Pour limiter une hausse de CO2, la Belgique devrait doubler ses capacités d’énergies renouvelables, développer le stockage et la flexibilité et prolonger ...2 GW nucléaire.
Le Gouvernement fédéral a confirmé la sortie – totale ou partielle – du nucléaire en 2025, ce qui changera fortement le mix électrique et pose de nouveaux défis notamment en matière d’émissions de CO2.
L’APERe a analysé les statistiques 2021 publiées par Ember, think thank indépendant dédié à la transition énergétique, et comparé le mix électrique belge avec différents pays européens.
Il en ressort que la Belgique doit doubler ses capacités d’énergies renouvelables, développer le stockage et la flexibilité et prolonger …2 GW nucléaire – comme prévu par l’accord de Gouvernement fédéral – si elle veut maintenir le niveau des émissions de CO2 de 2025 au niveau de 2019.
Et même avec cet objectif ambitieux, il est probable que le secteur électrique connaisse une augmentation de 36% de ses émissions de CO2, par un recours plus important aux centrales à gaz.
Rappelons que cette situation résulte de l’inertie de la politique énergétique belge depuis 20 ans.
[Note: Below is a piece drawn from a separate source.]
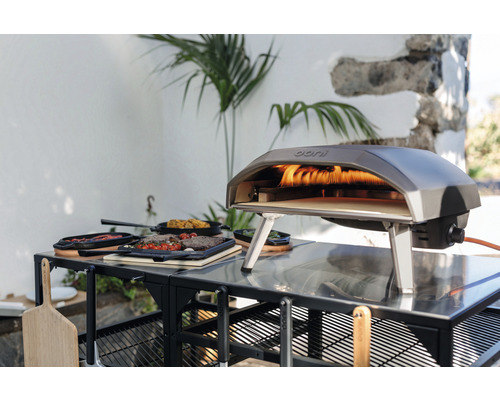 Ooni Gas Pizzaofen auf einem Tisch mit Speisen im Freien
Les Gouvernements successifs n’ont pas suffisamment préparé une sortie progressive du nucléaire par un développement plus important des productions d’électricité renouvelable notamment.
Voici l’évolution et la répartition du mix électrique belge entre les différentes filières utilisées (graphique ci-dessous).

En 2019, la production électrique belge atteint 167gr de CO2 par kWh produit (voir graphique ci-dessous) et constitue donc une référence pour les scénarios qui seront déployés d’ici 2025.

Sources :
Ember – Global electricity review 2021
European Environment Agency (2019)
Que devient le nucléaire en 2025 ? A quel pays ressembleront-nous ?
Selon l’analyse de l’APERe, le mix électrique belge en 2025 devrait ressembler au mix électrique actuel du Royaume Uni (graphiques ci-dessous).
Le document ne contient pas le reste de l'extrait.